Activity:
Set down every entry exactly as given. Pictures are to be left out.

Data for this exercise:
——————————

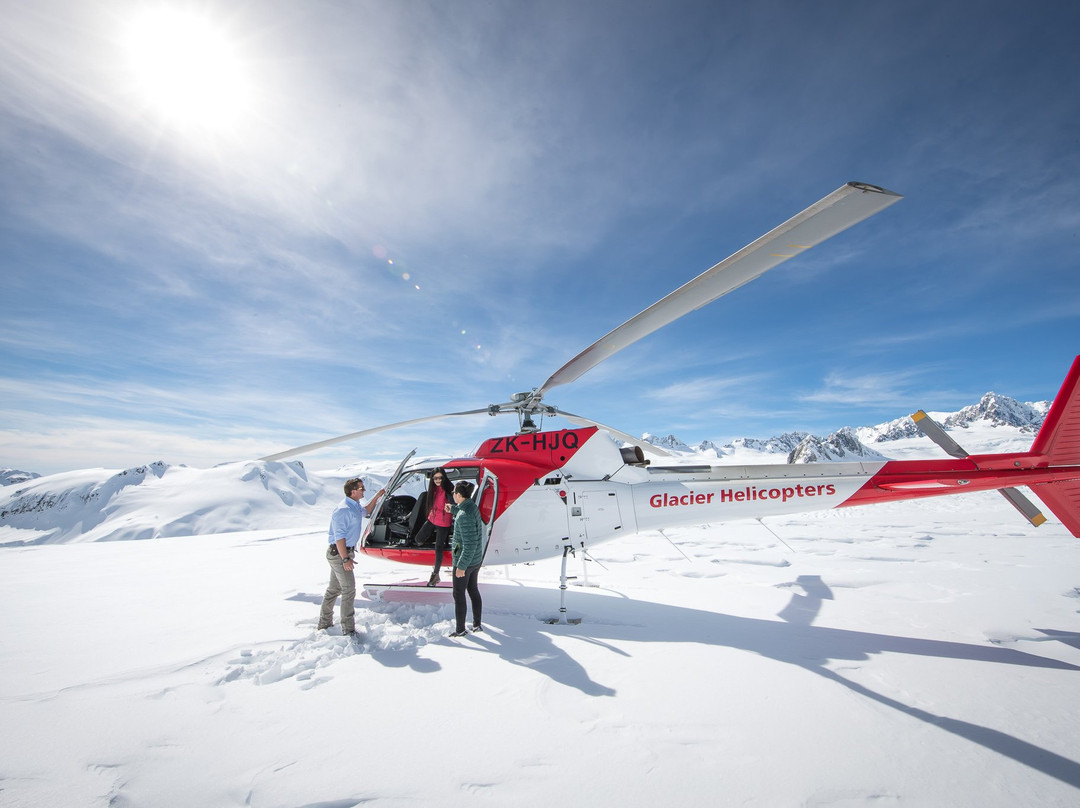 新西兰冰川直升机景点图片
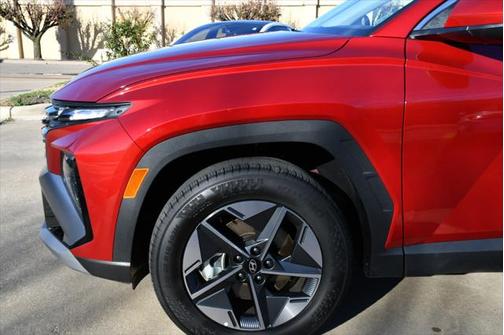 2025 Hyundai TUCSON SEL AWD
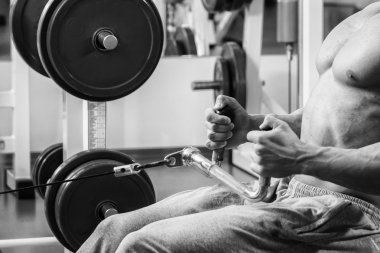 Güçlü kas adam jimnastik egzersizleri yapıyor.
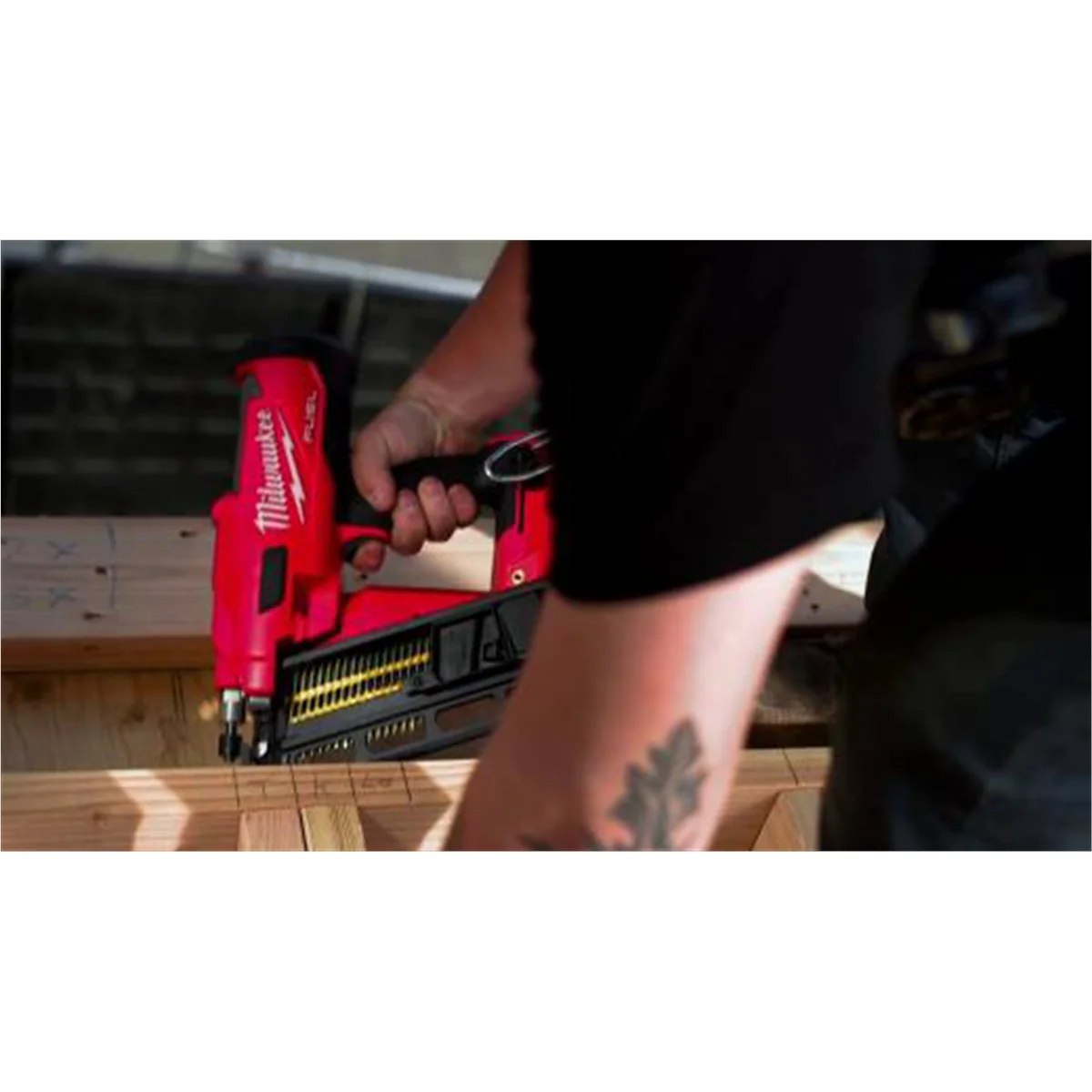 Milwaukee Tool M18 FUEL 21 Degree Framing Nailer - UZIS Sports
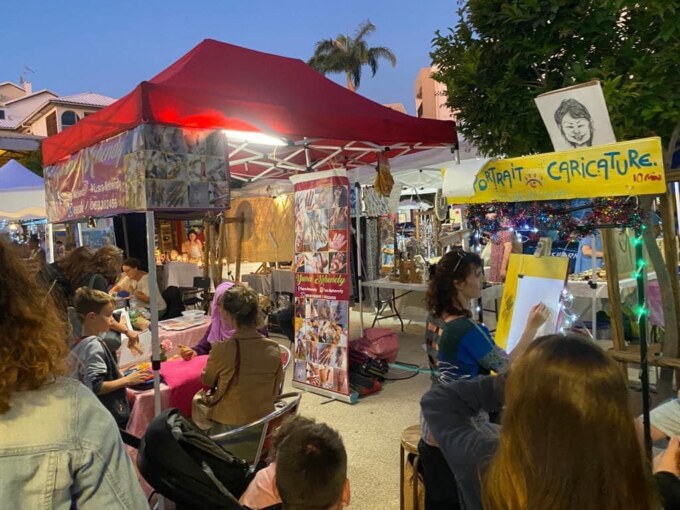 Saint-Gilles-les-Bains accueille le grand retour du marché nocturne ce samedi 12 novembre 2022, de 17 à 23 heures.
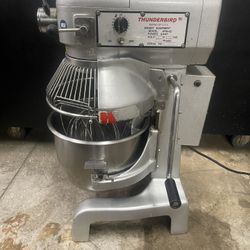 Thunderbird 20 Qt Quart Bakery Pizza Mixer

——————————

Reply:
 新西兰冰川直升机景点图片
 2025 Hyundai TUCSON SEL AWD
 Güçlü kas adam jimnastik egzersizleri yapıyor.
 Milwaukee Tool M18 FUEL 21 Degree Framing Nailer - UZIS Sports
 Saint-Gilles-les-Bains accueille le grand retour du marché nocturne ce samedi 12 novembre 2022, de 17 à 23 heures.
 Thunderbird 20 Qt Quart Bakery Pizza Mixer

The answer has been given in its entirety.